AMITYVILLE 2 : LE POSSEDE (1982)

Damiano Damiani réalise une prequel terrifiante du classique de Stuart Rosenberg qui s'avère beaucoup plus effrayant que son modèle

AMITYVILLE 2 : THE POSSESSION

1982 – USA / MEXIQUE

Réalisé par Damiano Damiani

Avec James Olson, Burt Young, Rutanya Alda, Jack Magner, Andrew Prine, Diane Franklin, Moses Gunn

THEMA FANTÔMES I DIABLES ET DEMONS I SAGA AMITYVILLE

Trois ans après Amityville la maison du diable, succès public mou du genou réalisé par un Stuart Rosenberg peu inspiré, l’appel du profit pousse le nabab fou Dino de Laurentiis à produire une suite, en fait une préquelle à la triste histoire (vraie) des Lutz. Le massacre au fusil de chasse de sa propre famille par le jeune Ronald de Feo (brièvement résumé dans le prologue du premier opus), sera ici le corps du film. Damiano Damiani, artisan italien chevronné habitué du western et du polar, se lance dans son premier film fantastique, décidé à respecter humblement les codes du genre, mais aussi à briser tous les tabous possibles. Là où Rosenberg posait une belle atmosphère mais peinait à injecter du rythme et des péripéties à son histoire, sclérosé dans un classicisme soporifique, Damiani fait le choix payant d’une approche frontale de la peur et d’un onirisme bienvenu. Sa mise en scène est le point fort du film : personnalisant le démon venu posséder le fils aîné de la maison au moyen d’une utilisation classieuse de la Steadycam, ample et subjective, elle rappelle le Carpenter de La Nuit des masques ou le Sam Raimi d’Evil Dead. Les mouvements frénétiques de la caméra virevoltant autour des personnages créent une terreur palpable, optimisée par des éclairages baroques à la Mario Bava, de solides effets spéciaux et une partition anxiogène de Lalo Schifrin (qui pioche dans le score original). Car oui, le film fait peur, comme rarement.

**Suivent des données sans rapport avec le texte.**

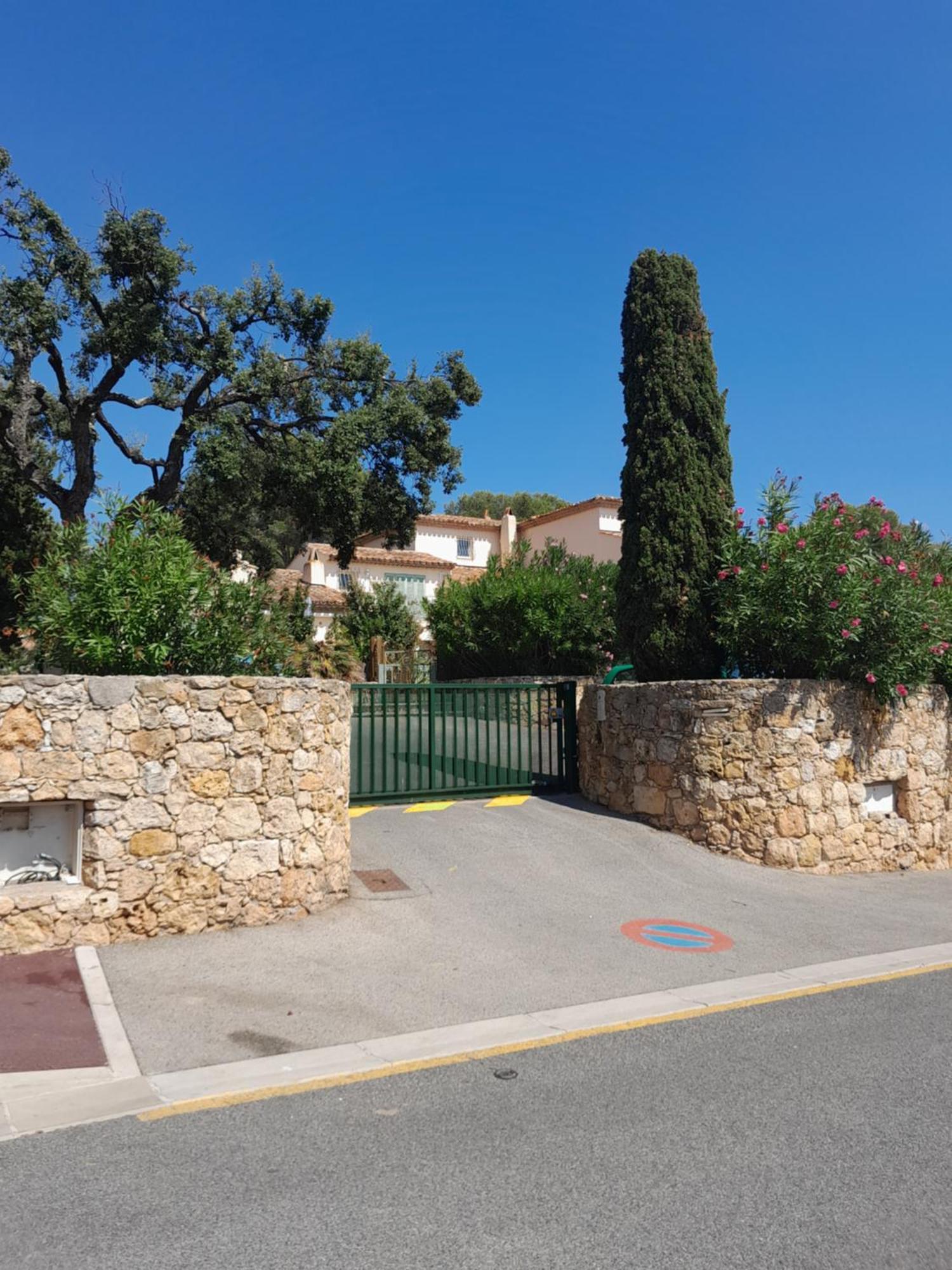 Le Méditerranéo Saint Aygulf Extérieur photo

Cette réussite est due également au soin apporté à l’écriture des personnages : le script de Tommy Lee Wallace (Ça, Halloween 3) met à mal la sacro-sainte famille américaine, n’hésitant pas à aborder sans ambages l’inceste entre frère et sœur, le viol conjugal ou l’infanticide. Impossible d’imaginer de telles thématiques à l’écran aujourd’hui… En cela Amityville 2 évoque l’ambition désinhibée et le caractère désespéré de Simetierre. L’interprétation est au diapason, de Burt Young livrant une version extrémiste de son Paulie de Rocky au marquant Jack Magner, meurtrier malgré lui suscitant autant la pitié que la terreur. L’intelligence du film est de ne jamais vraiment juger cette famille dysfonctionnelle et malsaine, nous la présentant même sous un jour touchant lors de la séquence de l’anniversaire.

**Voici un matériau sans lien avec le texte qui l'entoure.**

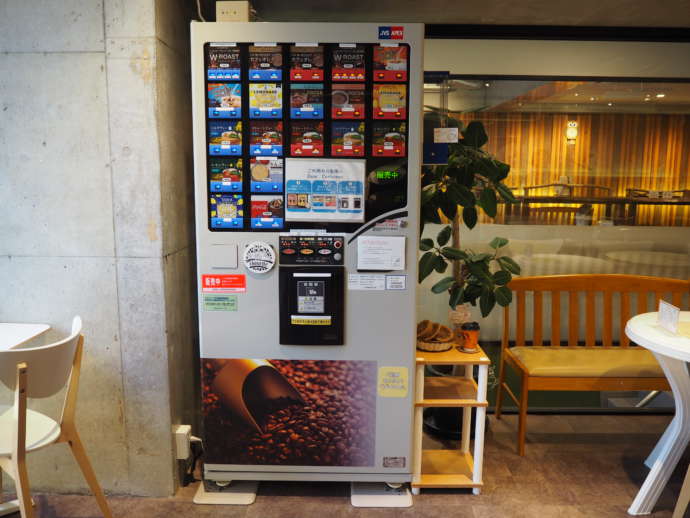 カフェスペースに設置されている自動販売機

Sous l'influence de L'Exorciste

Contre toute attente, la tuerie attendue survient bien avant la fin (traumatisante à souhait), et l’œuvre s’en va soudain braconner sur les terres de L’Exorciste, le citant même directement au détour de quelques plans. Cette dernière partie pourrait faiblir, gâchée par l’impression d’être en terrain connu, mais le savoir-faire et les idées du réalisateur font merveille et parviennent même à rendre le personnage de Sonny plus effrayant que celui de la mythique Regan (rejoignant le meilleur ersatz du film de Friedkin, L’Antéchrist d’Alberto de Martino). Pour son premier (et unique) essai dans le fantastique, Damiano Damiani ne signe rien de moins qu’un des fleurons du genre. Il cèdera malheureusement la place à un Richard Fleischer vieillissant pour l’inéluctable et raté Amityville 3.